** WORK ORDER **
When you print the material, keep every line identical to the original.

** TASK INPUTS **
···

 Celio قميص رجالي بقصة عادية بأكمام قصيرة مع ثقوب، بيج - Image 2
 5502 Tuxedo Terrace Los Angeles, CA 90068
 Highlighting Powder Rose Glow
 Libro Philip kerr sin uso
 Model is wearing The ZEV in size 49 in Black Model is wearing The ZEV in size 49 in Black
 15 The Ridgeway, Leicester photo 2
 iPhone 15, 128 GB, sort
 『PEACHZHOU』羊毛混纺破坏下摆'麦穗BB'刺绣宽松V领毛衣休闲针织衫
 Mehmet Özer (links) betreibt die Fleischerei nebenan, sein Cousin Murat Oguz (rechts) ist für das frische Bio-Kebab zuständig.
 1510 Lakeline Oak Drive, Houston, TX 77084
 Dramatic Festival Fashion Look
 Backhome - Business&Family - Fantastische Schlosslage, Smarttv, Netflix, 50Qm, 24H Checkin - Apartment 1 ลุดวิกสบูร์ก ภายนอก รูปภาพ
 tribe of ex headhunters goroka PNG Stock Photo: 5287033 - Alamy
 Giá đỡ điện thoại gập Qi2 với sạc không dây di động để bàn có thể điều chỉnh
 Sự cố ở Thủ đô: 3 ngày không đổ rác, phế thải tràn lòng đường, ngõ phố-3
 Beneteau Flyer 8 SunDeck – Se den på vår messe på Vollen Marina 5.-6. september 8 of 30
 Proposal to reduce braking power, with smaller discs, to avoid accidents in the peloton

···

** RESPONSE BOX **
 Celio قميص رجالي بقصة عادية بأكمام قصيرة مع ثقوب، بيج - Image 2
 5502 Tuxedo Terrace Los Angeles, CA 90068
 Highlighting Powder Rose Glow
 Libro Philip kerr sin uso
 Model is wearing The ZEV in size 49 in Black Model is wearing The ZEV in size 49 in Black
 15 The Ridgeway, Leicester photo 2
 iPhone 15, 128 GB, sort
 『PEACHZHOU』羊毛混纺破坏下摆'麦穗BB'刺绣宽松V领毛衣休闲针织衫
 Mehmet Özer (links) betreibt die Fleischerei nebenan, sein Cousin Murat Oguz (rechts) ist für das frische Bio-Kebab zuständig.
 1510 Lakeline Oak Drive, Houston, TX 77084
 Dramatic Festival Fashion Look
 Backhome - Business&Family - Fantastische Schlosslage, Smarttv, Netflix, 50Qm, 24H Checkin - Apartment 1 ลุดวิกสบูร์ก ภายนอก รูปภาพ
 tribe of ex headhunters goroka PNG Stock Photo: 5287033 - Alamy
 Giá đỡ điện thoại gập Qi2 với sạc không dây di động để bàn có thể điều chỉnh
 Sự cố ở Thủ đô: 3 ngày không đổ rác, phế thải tràn lòng đường, ngõ phố-3
 Beneteau Flyer 8 SunDeck – Se den på vår messe på Vollen Marina 5.-6. september 8 of 30
 Proposal to reduce braking power, with smaller discs, to avoid accidents in the peloton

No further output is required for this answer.